If it is ok then no worries, but it does not sound healthy to me???


----------



## freedomstarfarm (Mar 25, 2011)

goats knead some sort of long fiber to have the rumen function properly. Is he saying got replace the hay with alfalfa cubes or something? I am not sure that he is giving good advice.


----------



## Burns Branch Boers (Apr 11, 2011)

He clearly said--feed them all the grain they will eat and ONLY give them a handfull of the highest quality alfalfa (with lots of leaves in it) every 2 to 3 days--he said the alfalfa given this way "will make the tummies happy"


----------



## freedomstarfarm (Mar 25, 2011)

Can't wait to hear what others think. 

Spell check; oh my gosh!! need not knead.


----------



## Burns Branch Boers (Apr 11, 2011)

:laugh: 

Re: hearing what the others think-yeah, me too!

I want my daughter to be successful showing but the animals safety/wellbeing is also a major factor for me! Otherwise I consider it cheating to win!


----------



## goatgirlzCA (Mar 9, 2011)

My daughter shows wethers also - and your FFA teacher is correct in that you cannot feed them much hay because they "belly out" and they don't eat as much grain. Are they Boer Goats? Not that it makes any difference I don't think, just curious. 

The theory behind this feeding regiment as it was explained to me is they need as much grain as they will eat to grow and produce more lean meat. The more hay they eat, they gain less actual good meat eright. Hay is a "filler." They do need some for their rumen, but not as much as you think. Its kinds of the opposite with dairy goats I think, because you don't slaughter them, usually. 

We have only had goats for a year, so I am not an expert, but his advice is the same I received from our breeders and our 4-H leadesr, who have shown goats for years. 

I feed hay every other day, but I do not feed alfalfa, because it "can" contribute to UC. And having been through that once and lost a great goat, I tend to by overly cautious so not to have it again. I feed a high quality forage or oat hay.


----------



## Burns Branch Boers (Apr 11, 2011)

Yes, they are boers

Is there any danger for them--feeding them this way? Will the wether and my bucks rumens stay healthy?? Is there anything I can do to ensure the rumen stays healthy?


----------



## goatgirlzCA (Mar 9, 2011)

We just finished our second fair, and second set of "market goats" and they were all fine. Plus, I am not sure which feed you have them on, but mine has alfalfa in it, so I am sure that helps them too. I know one breeder that does not feed her wethers any hay for that reason. I still do though, because they love it so much!

I don't have a buck, so I can't speak there. But I would think he would be fine too.

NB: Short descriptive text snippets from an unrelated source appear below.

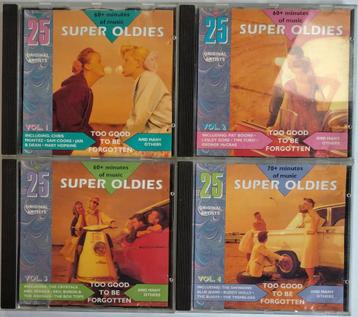 Set 4 CDs Super Oldies - Too Good To Be Forgotten (1990) beschikbaar voor biedingen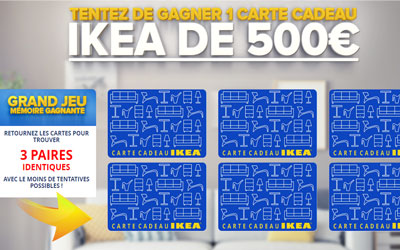 Carte cadeau IKEA DE 500€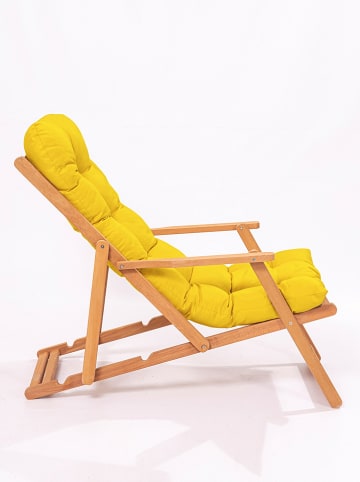 FLORIANE GARDEN 3-delige tuinmeubelset lichtbruin/geel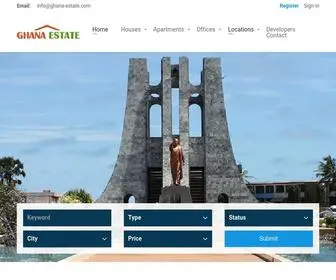 Ghana-Estate.com(Ghana Real Estate) Screenshot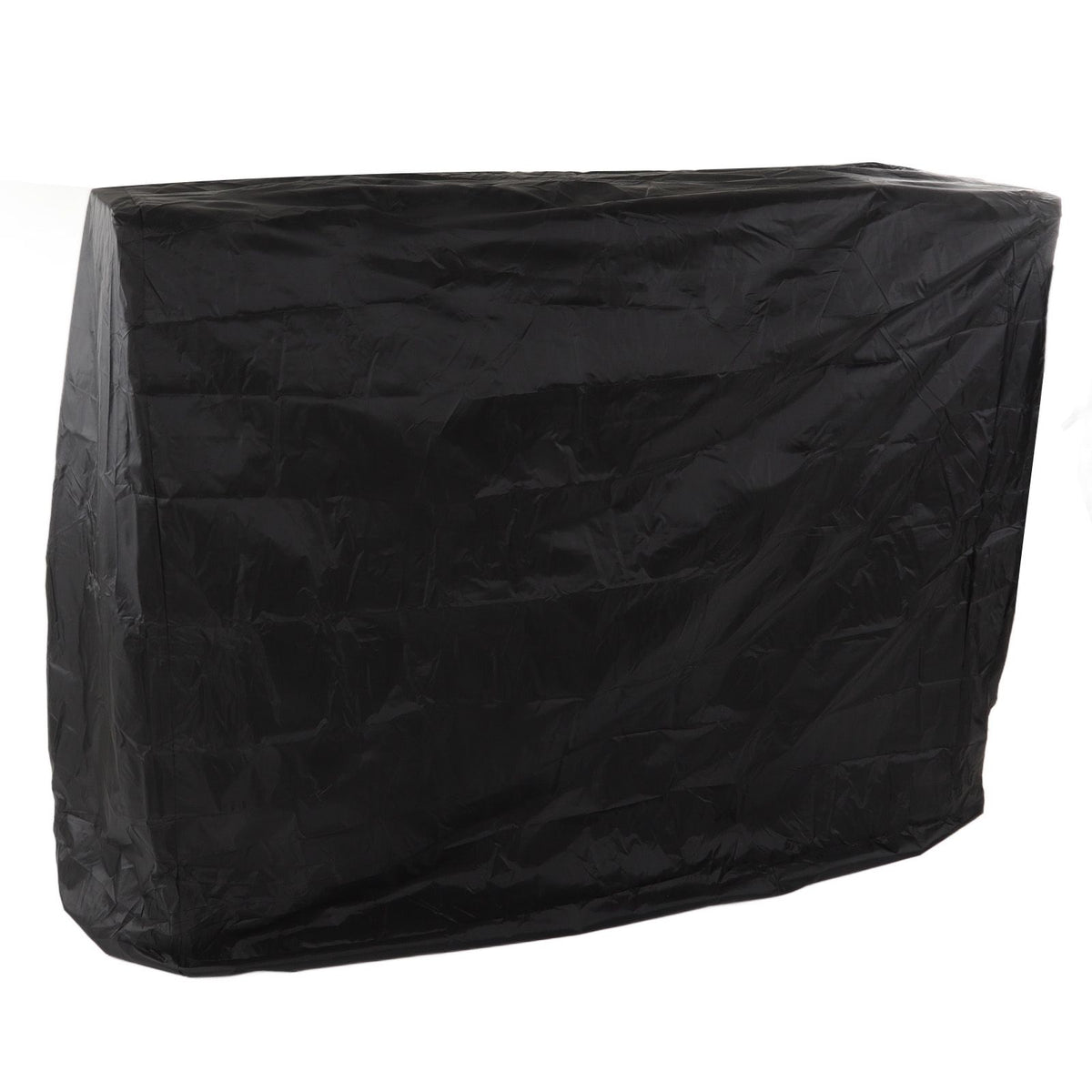 Ping Pong Table Dust Cover 190 Silver Coating Waterproof Table Tennis Cover for Outdoor Courtyard Drawstring Style 155x75x144cm / 61.0x29.5x56.7in Black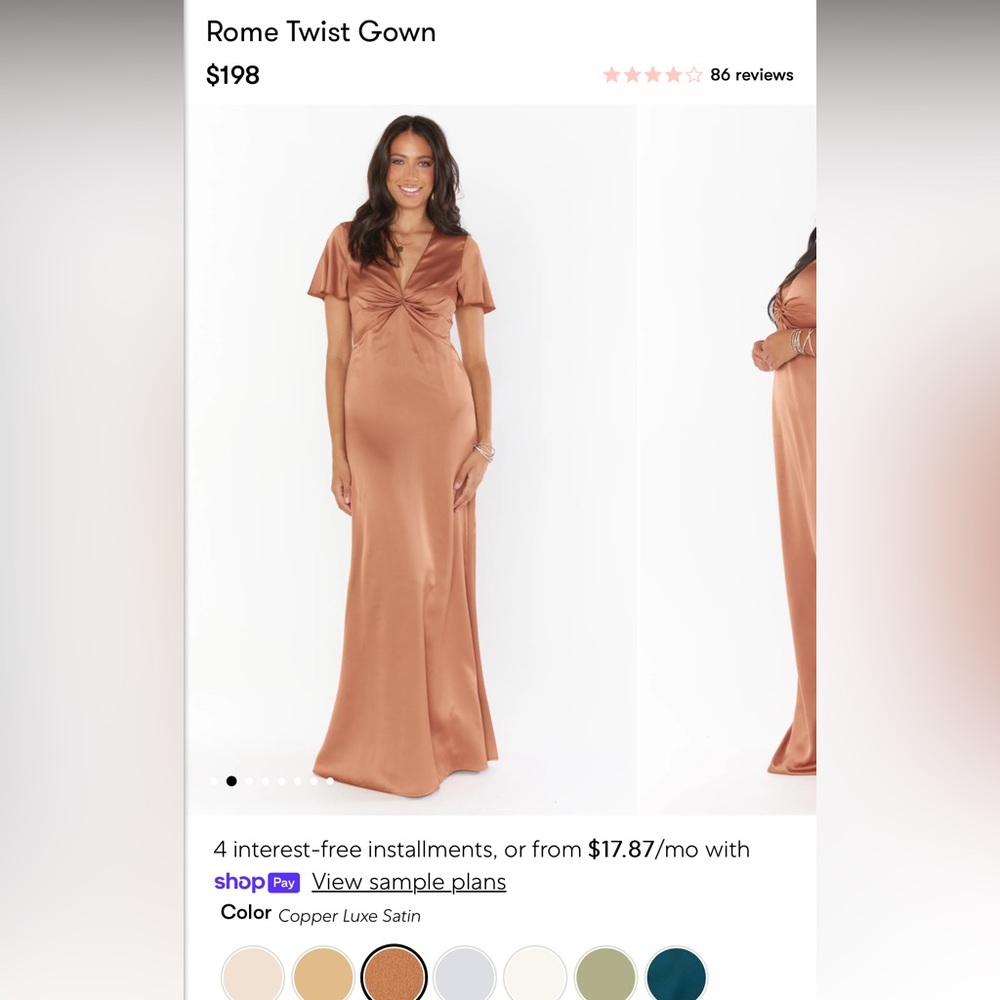 Show Me Your Mumu: Rome Twist Gown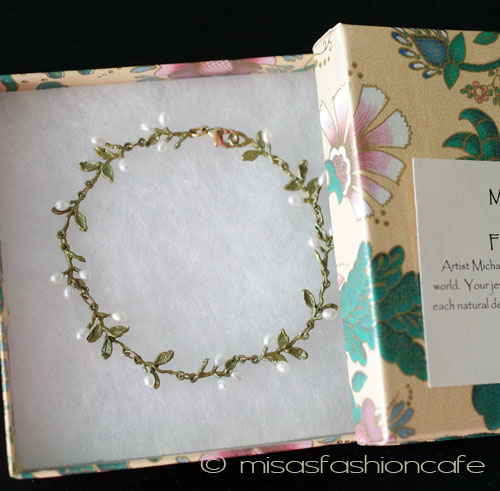 （画像用） マイケルミショー　再販！ カロライナ真珠ブレス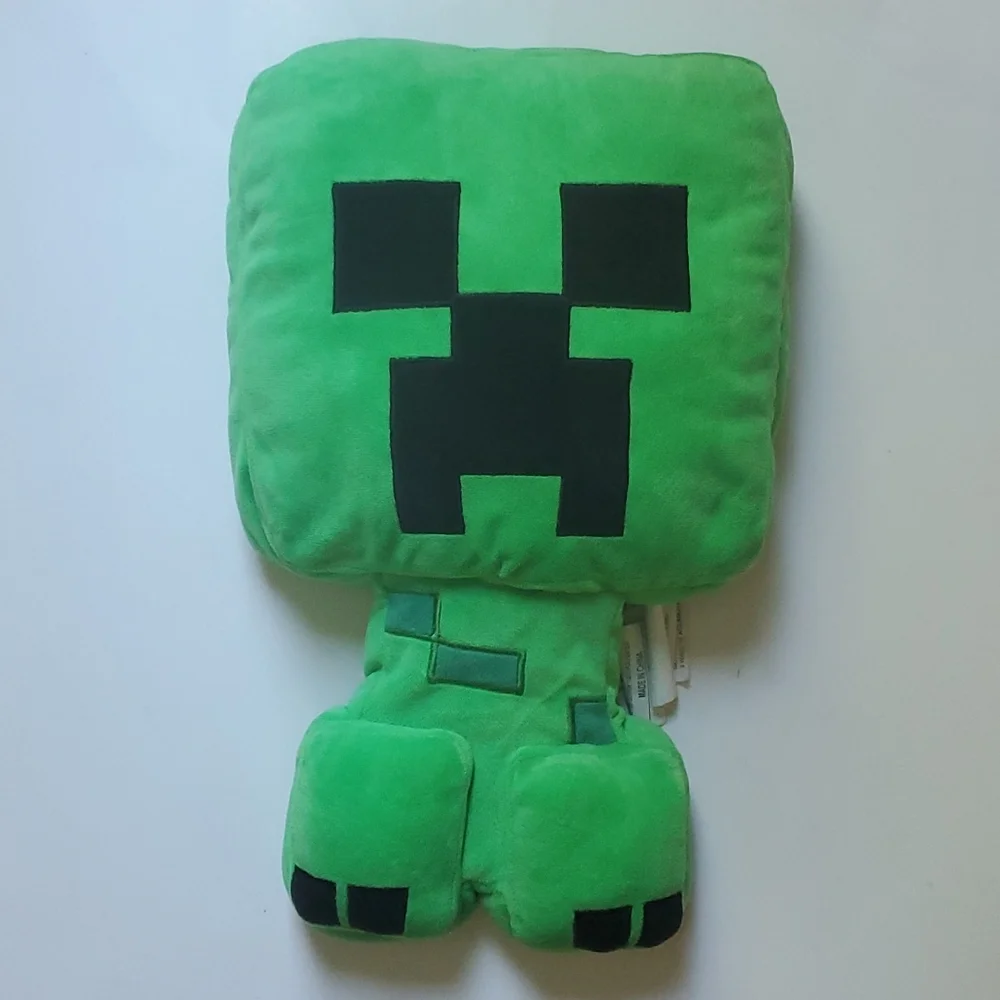 Minecraft Creeper Green/Black Plush Bed Pillow-OS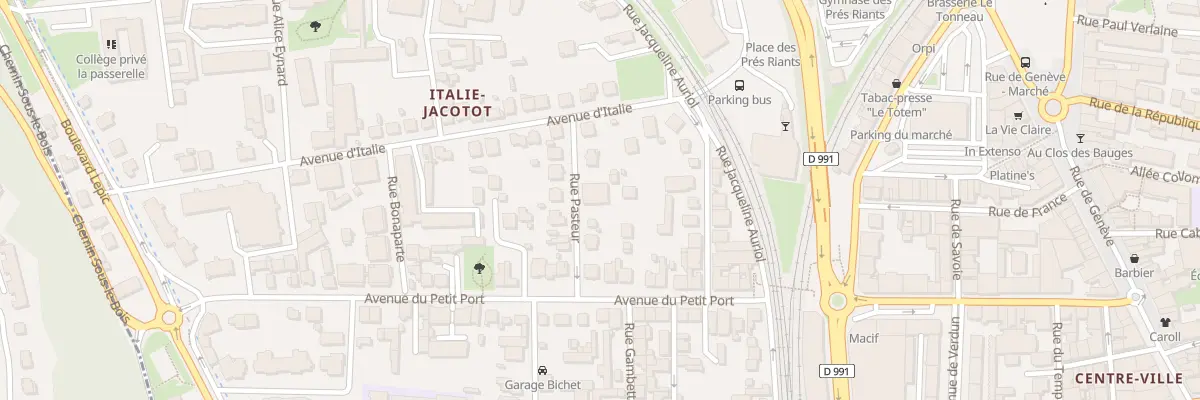 Plan du 8 Rue Pasteur à Aix-les-Bains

And, as I am quite obsessed with the goats, I pay close attention every day to whether they are eating, peeing, pooping, look happy, how their bellies look, etc. I think we all do that on here! So try it and just keep an eye on it. Be prepared though, as they grow, they eat alot of feed!


----------



## Burns Branch Boers (Apr 11, 2011)

OK I will check my feed to see if it has any alfalfa in it. Would it be ok to give them some alfalfa pellets everyday? Would that bloat them? Would that give them the roughage they need?

I don't mind things cost-wise as long as they remain healthy. Gotta keep my goaties happy and healthy :greengrin:


----------



## GotmygoatMTJ (Apr 25, 2009)

They don't care about the goats wellbeing or the fact that its not good for their rumen and can cause pneumonia. Eating hay is like a fireplace. When the rumen is active it keeps the goats warm at night.

When I had wethers I always gave them hay. No, I didn't win. I raised 2 show wethers, and both of them did well at their shows. One won Reserve Grand (also the only red in the class, when colors weren't cool) and the other was 4th out of a big class at a Regionals show! He was also the only black goat in his class when blacks were just starting to catch on. 

Maybe just feed his hay from a high place so he has to stretch his tummy muscles, and also his butt muscles.


----------



## Burns Branch Boers (Apr 11, 2011)

see I don't care about all the other jazz they were talking about last night at the clinic too--because alot of those wethers were small/underfed (as the school kids just got them) and they were not in the best condition. 

Our wether does not need a jumpstart on the grain like alot of those goats do. Therefore--if he eats some hay I am not "filling" him on empty roughage or calories. This wether has been with us since he was weaned (born in later March/came home w/us in May) and he is BIG he is already 80lbs and has good weight/bulk. So we don't have to "power pack" him w/feed. He and my buckling are offered enough grain in the a.m. and in the p.m. that there is usually some left over that they don't eat. 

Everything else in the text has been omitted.